Jayadev Acharya joined the faculty of Cornell Engineering in July, 2016. Acharya is an assistant professor in the School of Electrical and Computer Engineering (ECE) and a graduate field member in Computer Science (CS). Acharya’s research interests are Information Theory, Algorithmic Statistics, and Machine Learning. The focus of his work is understanding and achieving the fundamental tradeoffs between resources that go into a machine learning problem.

“You don’t want to ask SIRI a question and then have to wait a day for the perfect answer,” says Acharya. Acharya’s work has far broader applications than simply how quickly SIRI tells you the closest location where you can buy a new snow shovel.
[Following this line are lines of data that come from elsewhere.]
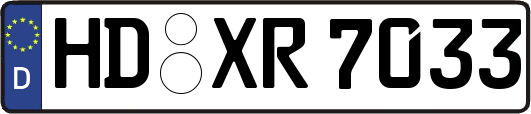 HD-XR7033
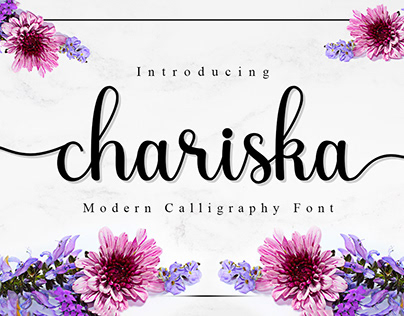 Free Chariska Calligraphy Font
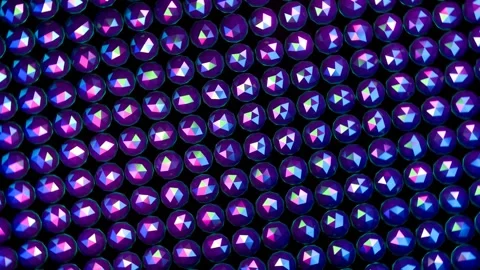 Crystal balls rotation, dark background animation Stock Footage 277856121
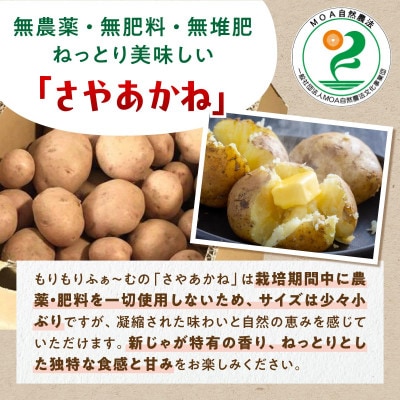じゃがいも(さやあかね)栽培期間農薬不使用・無肥料・北海道産【約5kg】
Machine learning algorithms are becoming central to many of the tasks individuals, businesses, and governments perform on desktops, laptops, smartphones, and tablets each day. To perform the job they are tasked with, machine learning algorithms are constrained by resources such as the amount of training data available, the memory (space) on the device, and the time required for implementation of the algorithm. Each of the factors involved can be adjusted.

Acharya designs mathematical models to understand the trade-offs between these, and other resources. The goals are two-fold: to establish the information theoretic limits of the resource-trade-offs, and strive to achieve them. If a device or a system has unlimited storage, unlimited data, unlimited computation power, then these trade-offs might not be necessary. But if, for example, your smartphone has limited memory available and the app you are using requires lots of locally-stored data, this will have a negative effect on the overall performance of the phone. “Surprisingly,” says Acharya, “these trade-offs have not yet been studied very closely.”
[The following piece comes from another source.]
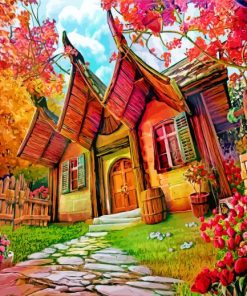 Enchanted Forest House Paint By Numbers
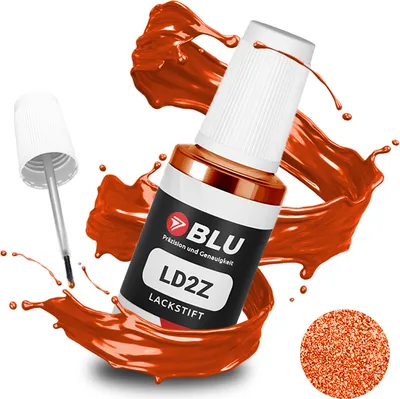 Produktbild von BLU Auto Lackstift Orange kompatibel für Volkswagen LD2Z Hot Orange | Auto Lack Reparatur Ausbesserungslack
Acharya grew up in the Indian state of Odisha. He found himself more interested in math than in other subjects as an elementary and secondary school student. He earned his Bachelor’s Degree in Electronics and Communication Engineering from the Indian Institute of Technology (IIT), Kharagpur. He then moved to San Diego, where he earned both his Master’s and his Ph.D. in Electrical and Computer Engineering from the University of California, San Diego (UCSD). Acharya then spent two years in a postdoctoral researcher position in MIT’s Theory of Computation Group before joining Cornell Engineering in 2016.

Acharya’s advisor at UCSD was Professor Alon Orlitsky, who is the Qualcomm Chair for Information Theory and Its Applications. “During our meetings, Professor Orlitsky used to ask for the simplest examples of problems that we do not know how to solve. Solving that special case often paved the path for solving the general case,” says Acharya. While at UCSD, Acharya focused on probability estimation and compression over “large domains”, where the set of possible observations could be much larger than the amount of data we have seen. “The setting is not very different from what I. J. Good and Alan Turing did to break the Enigma machine during WWII. They had to find the distribution of secret keys, many of which were not used before.” One of Acharya’s papers written during his Ph.D. studies provides the fundamental limits and algorithms for the “Good-Turing probability estimation.”
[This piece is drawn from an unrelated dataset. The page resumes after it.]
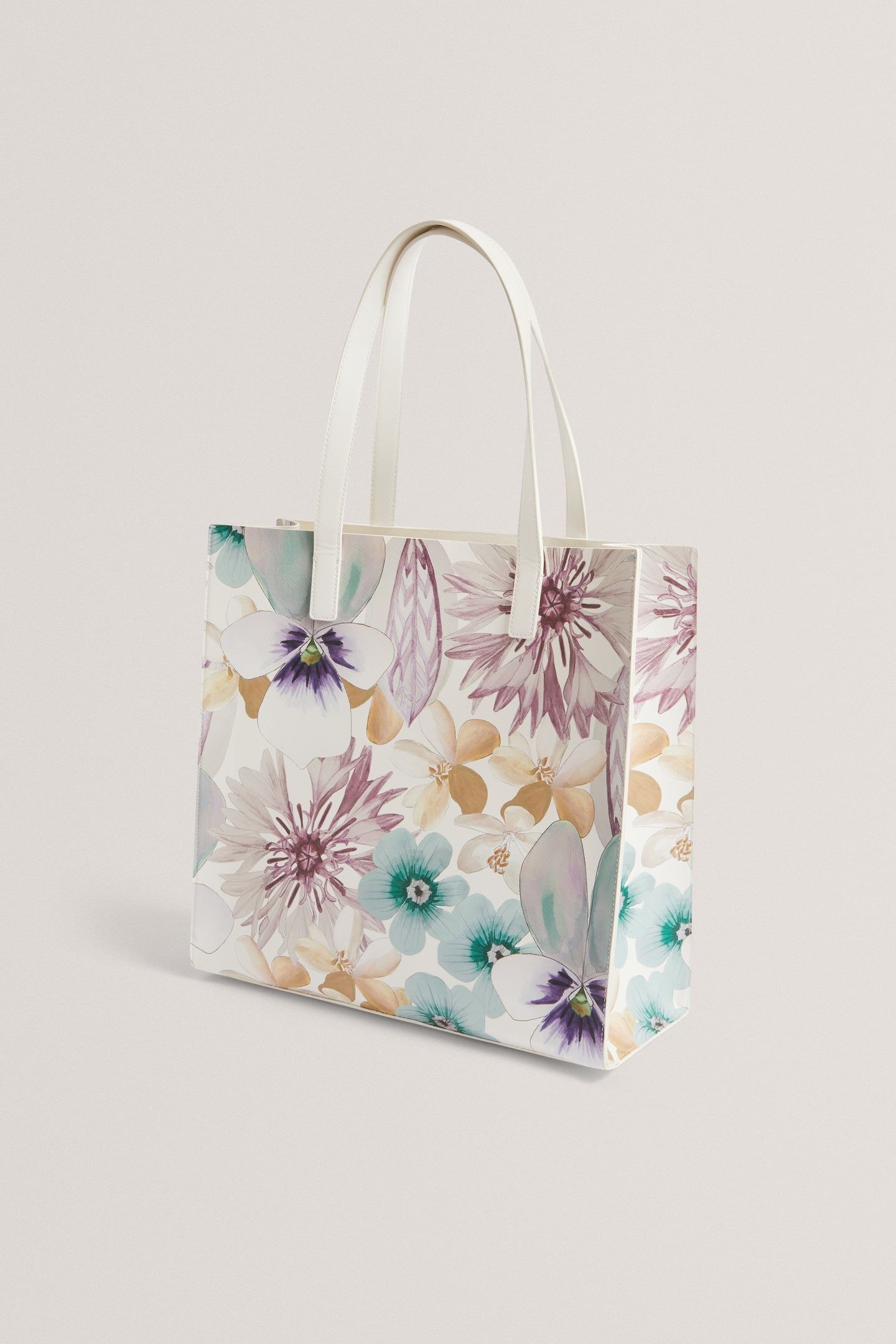 PETAL PRINT LARGE ICON BAG WHITE 3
In his postdoctoral position, Acharya studied various statistical problems in the large domain settings. He designed algorithms for measuring randomness in data, and testing whether data sources have certain properties of interest. The primary focus in these applications was understanding the trade-off between data and accuracy. Acharya will continue this work and explore the trade-offs between data, memory, time, and other factors for problems in statistical learning now that he is in Ithaca.

“I am excited to be at Cornell. It is strong in ECE, Operations Research (OR), and Computing and Information Science (CIS), fields I have keen interest in. The avenues for collaboration are plenty!,” says Acharya enthusiastically. In the spring semester of 2017, Acharya will be teaching a class on machine learning geared especially to ECE majors.